Not long term, not because of anyone, but really because I haven't been doing much for myself lately. I just needed an hour of alone time with myself and the book tucked under my arm.

There was an old picnic table just outside the wall, maybe a good thirty-five feet from the wall, and I rested there with pen and paper.

Heart attack, nightingale. . . No new songs in the works guess I really haven't been on my own much. It wasn't uncommon for me to write multiple songs in one sitting or week, but I haven't created anything new as Aaron and I grew closer. He was my distraction, albeit a pleasant one.

There's a tune that has been stuck in my head since dinner with the royal family, a rhythm that I found buried in the song the violinist played. With a little adjustment, it could be something brand new.

Something scurried in the bushes nearby, but I ignored it and instead hummed the tune to myself out loud. Hm, no. Little more belt. . .

"Let it go," I sang quietly to myself, barely above a whisper.

Another rustle in the forest, and this time I looked up with a giggle to find the small creature wanting so much attention. Strangely, there was nothing.

Breathing joined the mix, but not of an animal. Well, at least not a cute one.

I gripped the pen between my thumb and forefinger then spun around, throwing the small metal object through the air like a spear. In the blink of an eye, I stood face to face with an enemy of my childhood, someone I hoped never to see again. My sketchbook fell to the ground, ink splattered loosely over the notes I had just written.

"What the hell are you doing here," I growled.

He simply smiled to show two fangs filed to razor-blade perfection. They were hideous, just like the gray in his hair.

"Is that any way to treat an old friend?" The vampire hybrid complained.

Growling again, I didn't hesitate with my response. I've practiced it a million times in my head, thinking about his expression every time in a different way. I've wished to tell him this since I was five when he took the small bit of innocence I had in my young age. "You are not my friend, and you never were."

His poker face remained unaffected, which I've always known he would seem.
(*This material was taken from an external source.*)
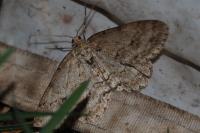 Ectropis crepuscularia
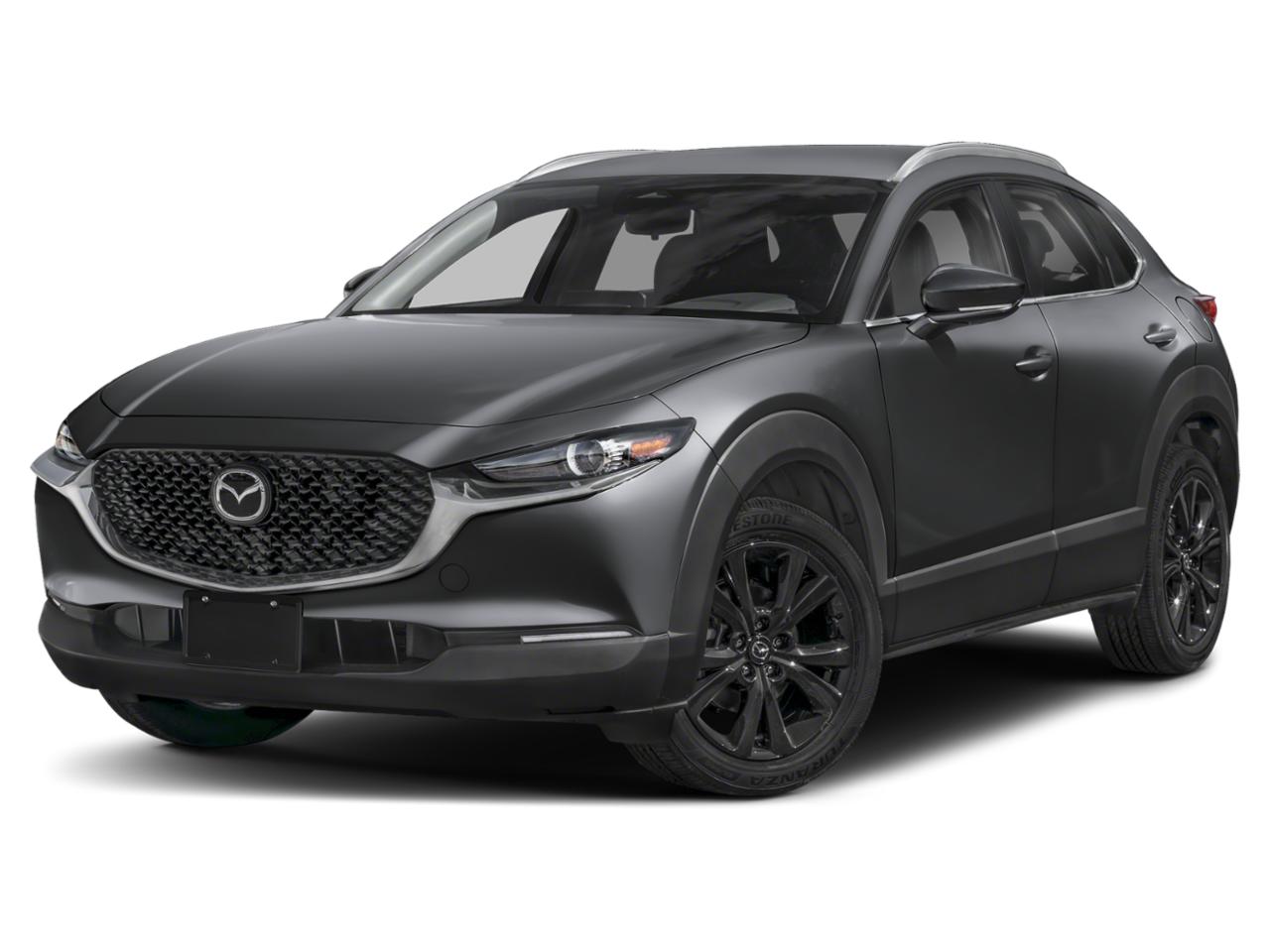 2024 Mazda CX-30 Vehicle Photo in Green Bay, WI 54304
There wasn't even a spark of emotion in his eyes.

Funny. He hasn't gotten any better with his sneak attacks, and he's still bad at reading people. He doesn't know that he's predictable.

The black haired hybrid ran at me, aiming for my middle but I didn't move away. I kicked him square in the stomach, and he caught my leg after grunting in pain from the impact.

Throwing me to the side, I expected to find ground beneath me and instead found arms. He didn't come alone. Of course he didn't come alone.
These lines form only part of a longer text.